Interventional Radiologists Push Back on Medicare’s Value-Based Payment Proposal

Published Date: July 25, 2025
By News Release

The Society of Interventional Radiology (SIR) is raising objections to a recent Medicare proposal that would shift interventional radiologists (IRs) further into value-based care frameworks. The concerns follow the release of the proposed Medicare Physician Fee Schedule by the Centers for Medicare & Medicaid Services (CMS) on July 14.

At the core of the proposal is the creation of a new interventional radiology-focused Merit-Based Incentive Payment System (MIPS) Value Pathway (MVP)—a reporting structure designed to streamline quality reporting through a specialty-specific lens. CMS intends for the MVP to align performance metrics more closely with the unique services provided by interventional radiologists.

However, SIR remains firmly opposed to the current version of the MVP. “SIR previously sent a letter during the public comment period in January 2025 opposing this proposal and SIR remains concerned that the [MIPS Value Pathway] does not adequately reflect the diversity and highly subspecialized nature of IR,” the society stated in a July 17 news update.

According to the Society, the proposed IR MVP includes 24 reporting measures—11 related to quality, 10 to improvement activities, and three tied to cost. Yet, only three of these measures are considered broadly applicable to interventional radiologists at large. The majority, SIR noted, pertain to subspecialties such as stroke intervention, dialysis access, venous therapies, and women’s health.

“The exclusion of broadly applicable quality measures and the reliance on cost measures that do not fairly represent IR contributions further limit the feasibility of this [MIPS Value Pathway],” SIR emphasized. “SIR will provide CMS feedback through the comment process to ensure the MVP evolves into a more inclusive and practical framework that truly supports quality improvement and value-based care across the full spectrum of IR practice.”

The MIPS program, launched in 2017, was designed to incentivize high-performing physicians while promoting cost control. Yet many radiologists have struggled to participate meaningfully due to the limited number of applicable performance metrics and the specialty’s often indirect interaction with patients. A recent study published in February found that smaller practices and solo radiologists are particularly vulnerable to challenges under the current MIPS model.

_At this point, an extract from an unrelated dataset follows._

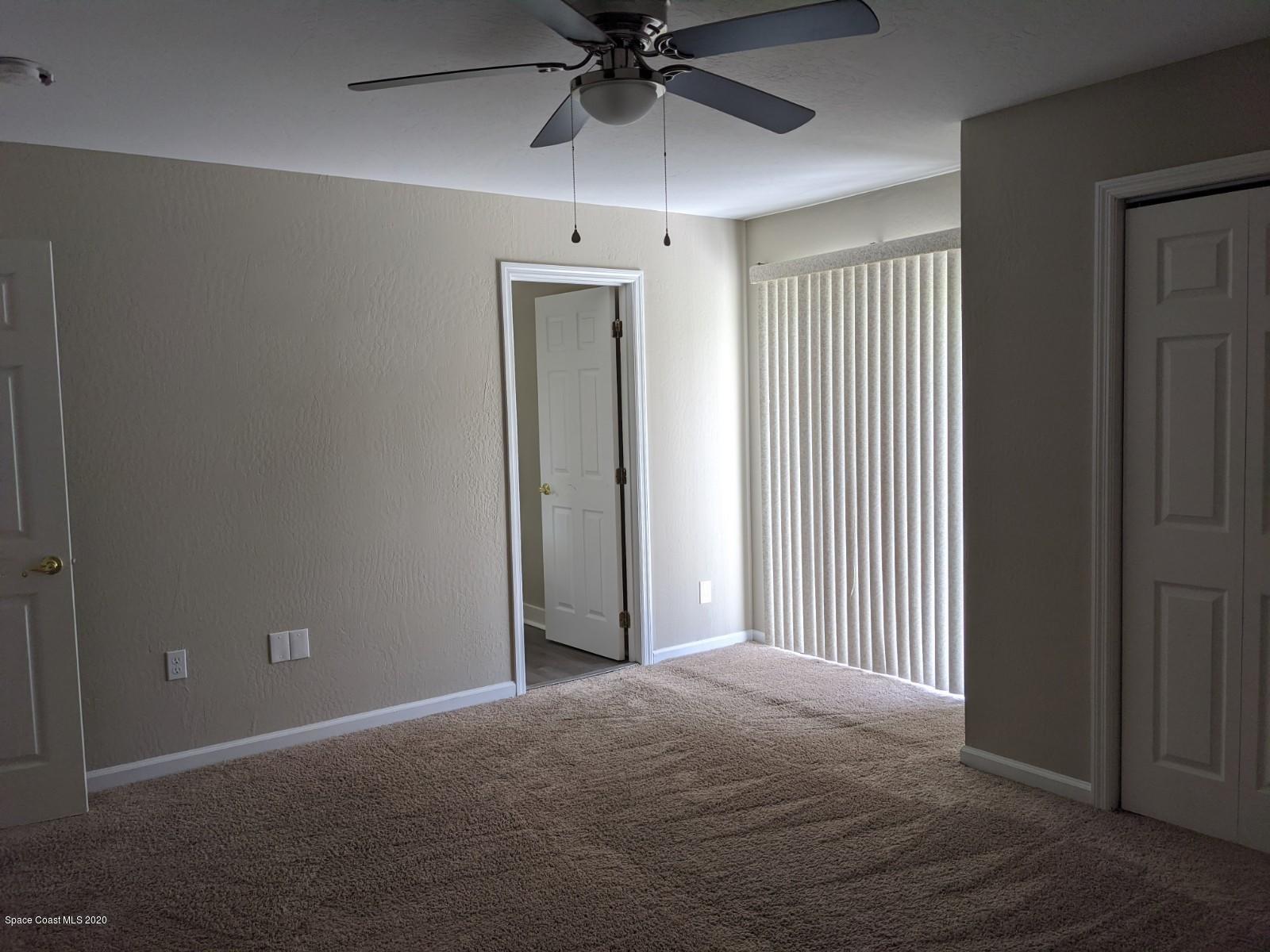 526 Rheine Road Northwest Palm Bay, FL 32907 - Photo 18 of 24 Master Bedroom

In its analysis of the proposed rule, the American College of Radiology (ACR) also outlined broader MIPS-related updates. SIR published its own breakdown of the 2025 fee schedule proposal, which includes 51 new payment codes and nine code revisions impacting interventional radiology.

As CMS accepts public comments and prepares for potential implementation, interventional radiology leaders are calling for a more inclusive, realistic payment model that aligns with the field’s procedural diversity and evolving role in patient care.